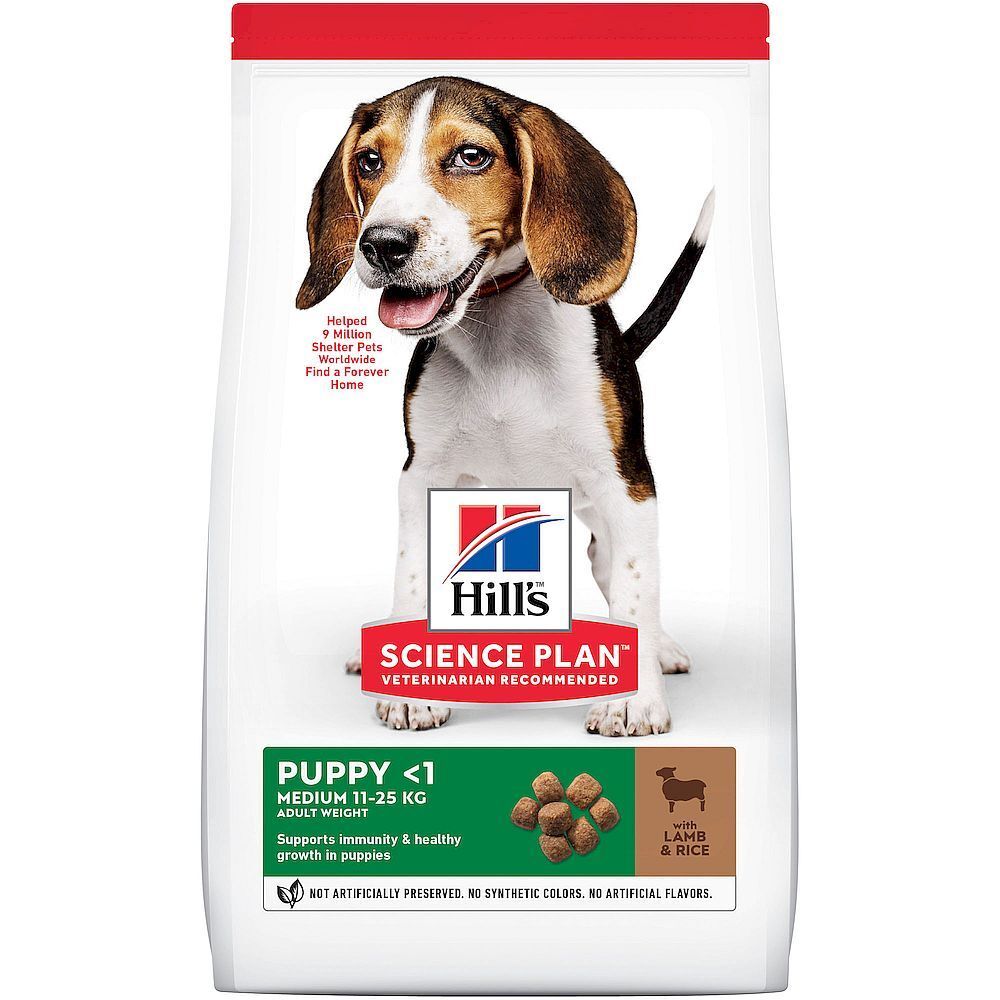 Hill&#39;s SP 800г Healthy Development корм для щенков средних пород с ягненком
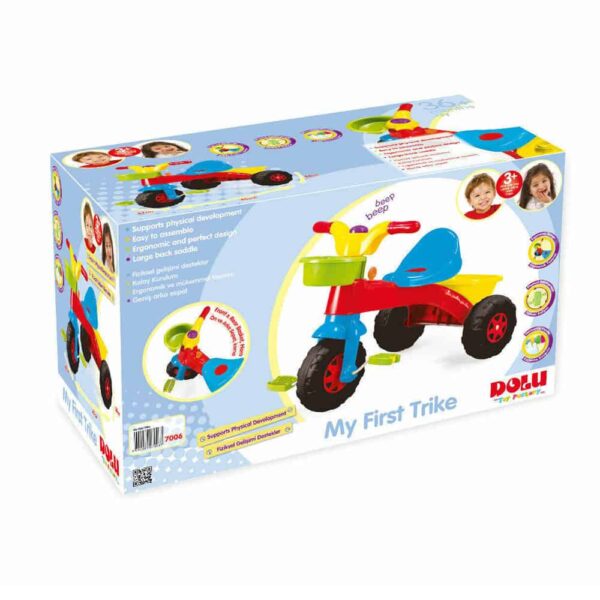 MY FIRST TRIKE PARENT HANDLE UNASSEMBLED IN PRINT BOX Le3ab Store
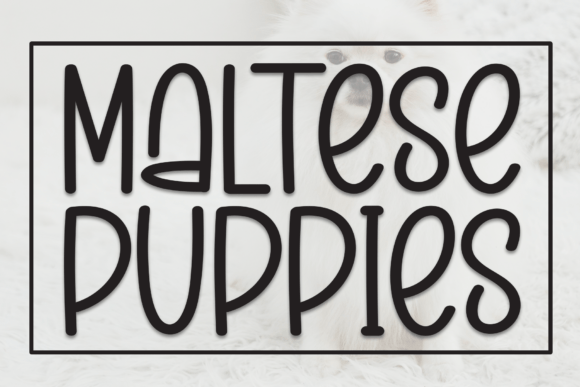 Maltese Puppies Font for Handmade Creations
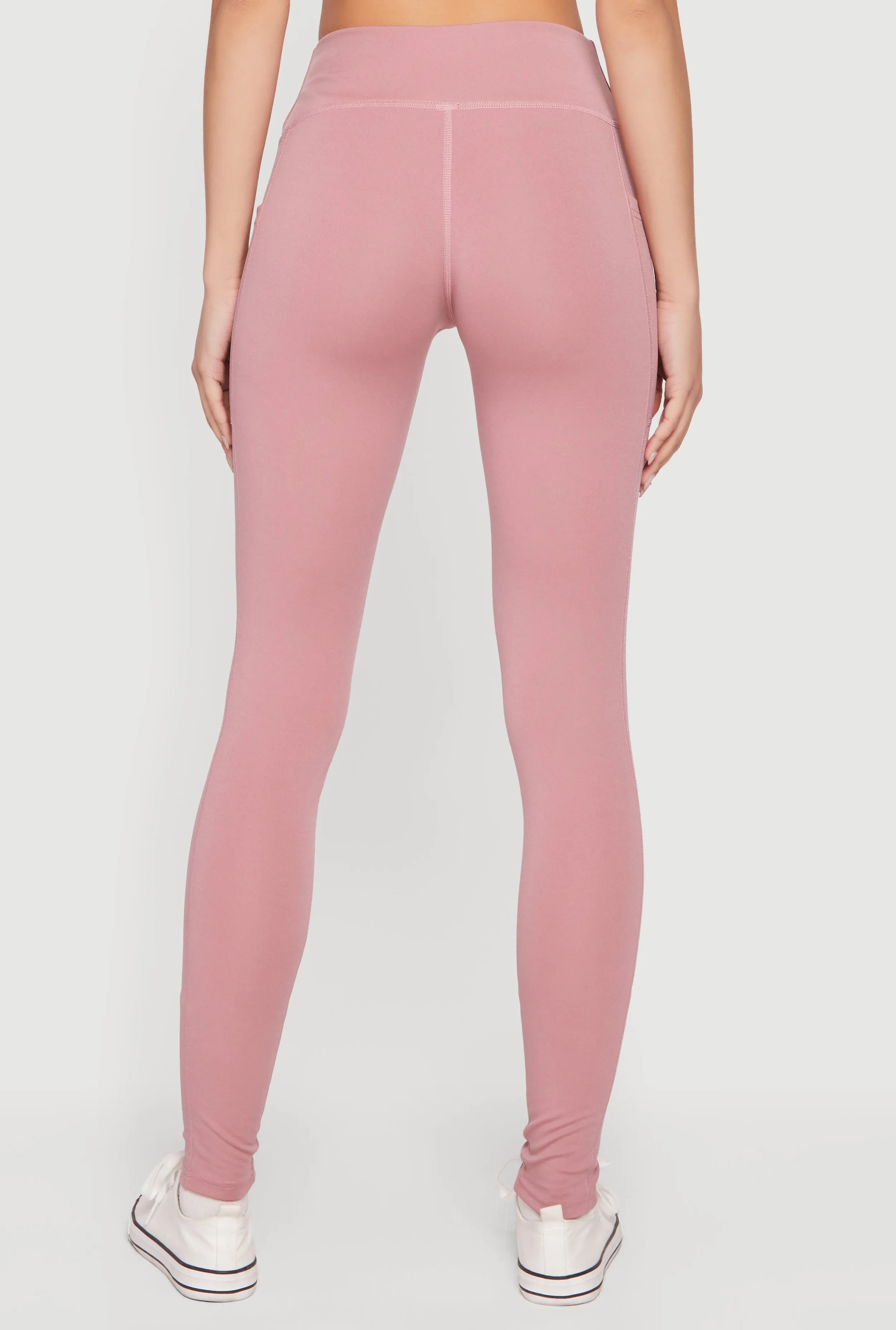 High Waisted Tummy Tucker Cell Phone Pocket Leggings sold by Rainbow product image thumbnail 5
--------------------
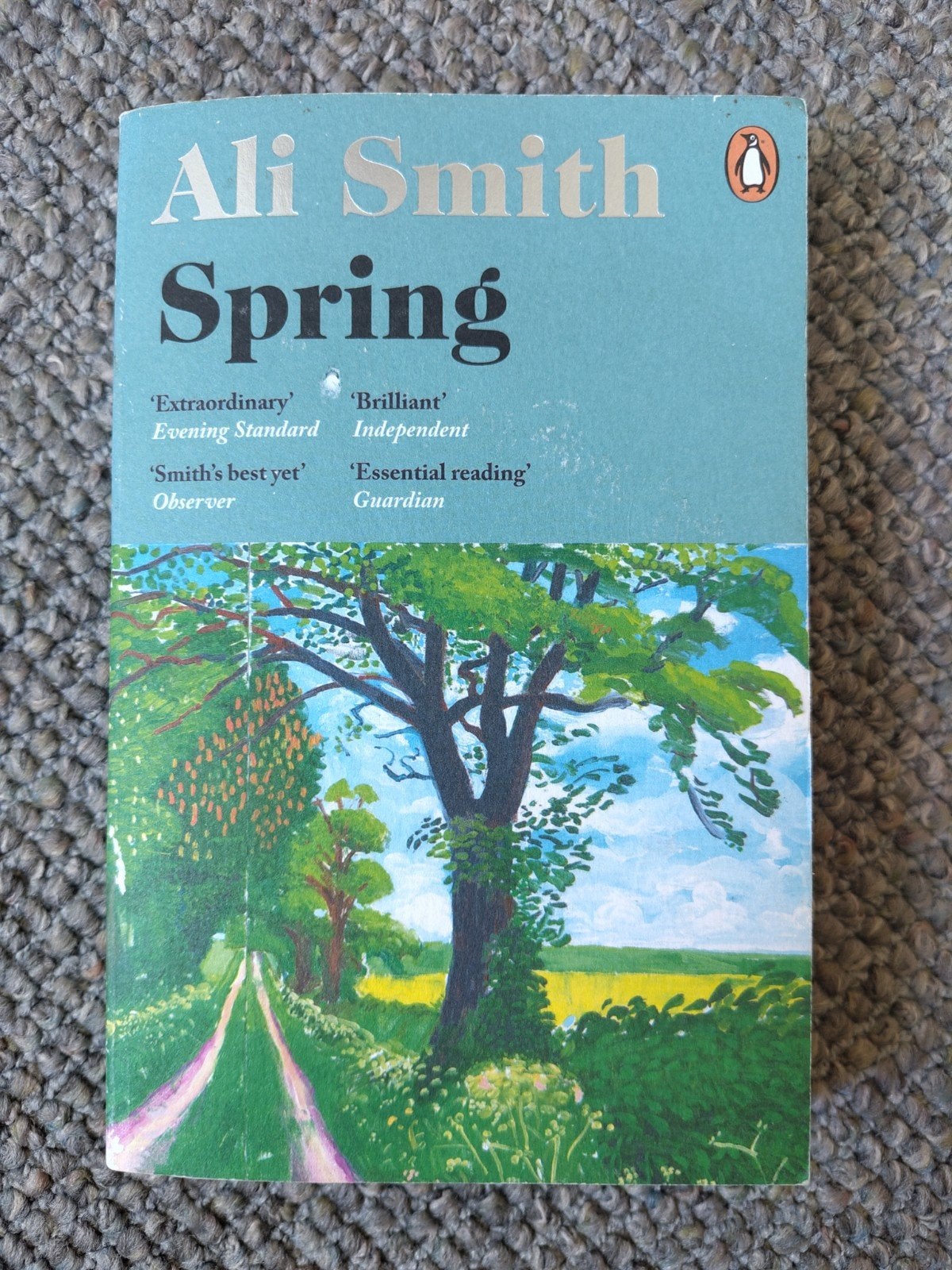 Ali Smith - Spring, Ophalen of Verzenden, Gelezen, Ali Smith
--------------------
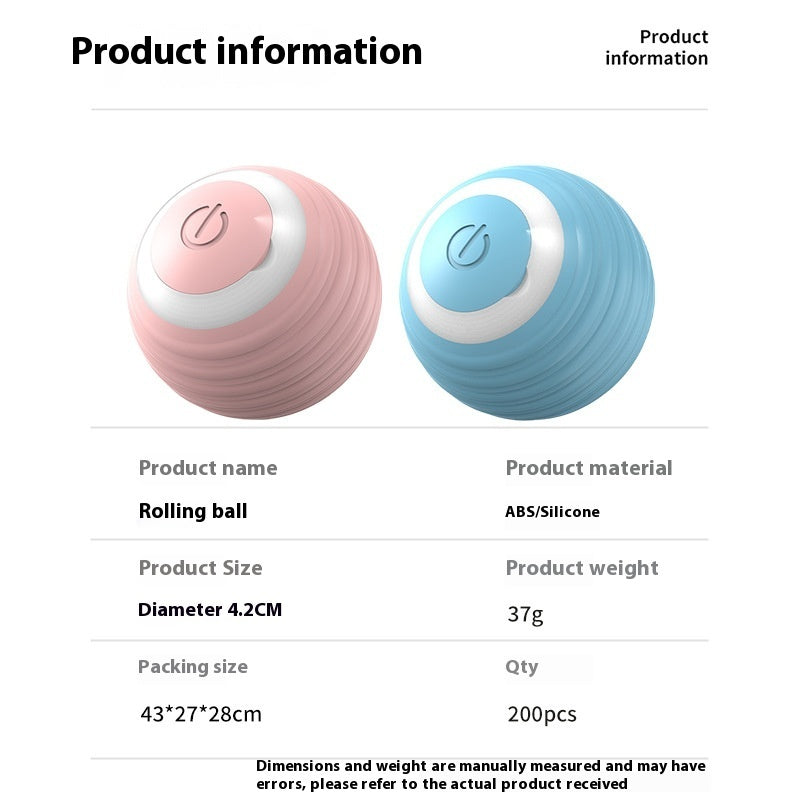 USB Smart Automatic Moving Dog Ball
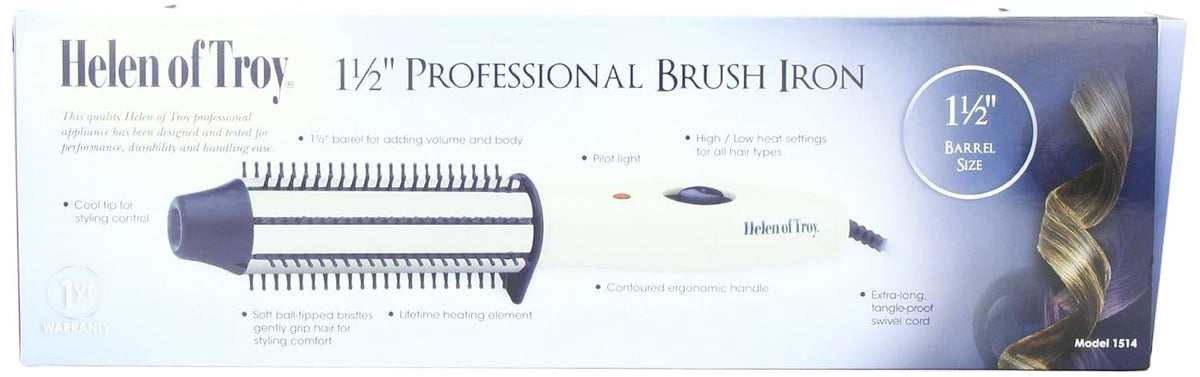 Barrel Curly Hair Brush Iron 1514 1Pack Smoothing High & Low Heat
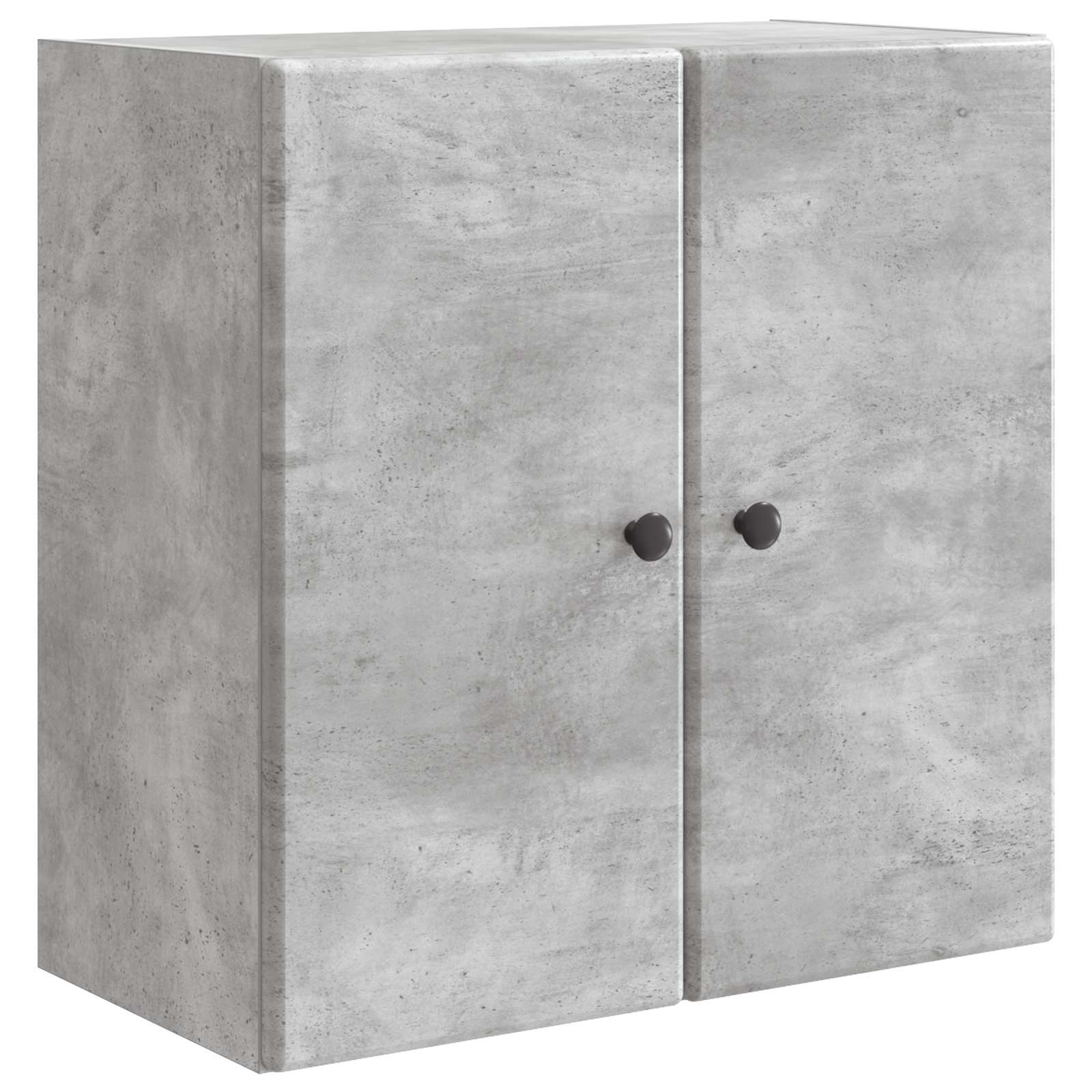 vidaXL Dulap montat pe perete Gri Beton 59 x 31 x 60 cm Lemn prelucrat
--------------------
- [Activity]
Pictures do not belong in the answer. Return the lines above starting at the one with "Hill&#39;s SP 800г" and ending at the one with "High Waisted Tummy", both kept, exactly.

- [Written response]
 Hill&#39;s SP 800г Healthy Development корм для щенков средних пород с ягненком
 MY FIRST TRIKE PARENT HANDLE UNASSEMBLED IN PRINT BOX Le3ab Store
 Maltese Puppies Font for Handmade Creations
 High Waisted Tummy Tucker Cell Phone Pocket Leggings sold by Rainbow product image thumbnail 5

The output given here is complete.